En primer lugar, es fundamental una reforma fiscal. Actualmente, el sistema tributario agrava la desigualdad al imponer impuestos uniformes sobre los alimentos, independientemente de la situación financiera del comprador. Si bien la propuesta reciente del gobierno de eximir de impuestos federales a los productos básicos y proporcionar incentivos de reembolso en efectivo a los más pobres es un paso en la dirección correcta, es insuficiente.
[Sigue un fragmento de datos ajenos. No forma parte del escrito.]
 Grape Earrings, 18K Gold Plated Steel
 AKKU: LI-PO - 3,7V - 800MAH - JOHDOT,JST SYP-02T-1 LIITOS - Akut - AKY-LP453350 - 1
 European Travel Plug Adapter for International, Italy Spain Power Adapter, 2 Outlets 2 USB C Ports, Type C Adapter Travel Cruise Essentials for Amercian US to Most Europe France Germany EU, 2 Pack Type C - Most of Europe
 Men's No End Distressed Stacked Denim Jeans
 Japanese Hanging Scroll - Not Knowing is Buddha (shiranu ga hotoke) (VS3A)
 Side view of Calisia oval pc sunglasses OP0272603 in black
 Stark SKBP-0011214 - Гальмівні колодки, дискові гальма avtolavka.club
También debemos gravar más los alimentos procesados y ofrecer exenciones o subsidios para opciones saludables, especialmente productos frescos, para garantizar su accesibilidad para los más desfavorecidos.
En segundo lugar, es vital establecer políticas de seguridad alimentaria y nutricional a nivel municipal, similares a las que rigen la educación y la salud. La integración de la asistencia social, la atención médica y las iniciativas de seguridad alimentaria a nivel local facilitará el acceso a una nutrición adecuada y evitará que situaciones críticas se conviertan en crisis, como lo ejemplifica el reciente caso de un adolescente en Minas Gerais que informó a los servicios de emergencia sobre el hambre de su familia.
A pesar de los avances logrados, son necesarios pasos tangibles para erradicar definitivamente el hambre en Brasil. Se requiere un compromiso continuo con las políticas de seguridad alimentaria y nutricional, junto con programas de redistribución de ingresos dirigidos a familias vulnerables, que deben ser políticas estatales permanentes, no medidas gubernamentales transitorias. El reingreso de Brasil al Mapa del Hambre de la FAO tras la interrupción de las políticas después de 2015 sirve como un recordatorio contundente de esta necesidad.
Solo a través de esfuerzos concertados y sostenidos, con la sociedad civil a la vanguardia, podemos garantizar que todos los brasileños tengan acceso a una alimentación adecuada y digna.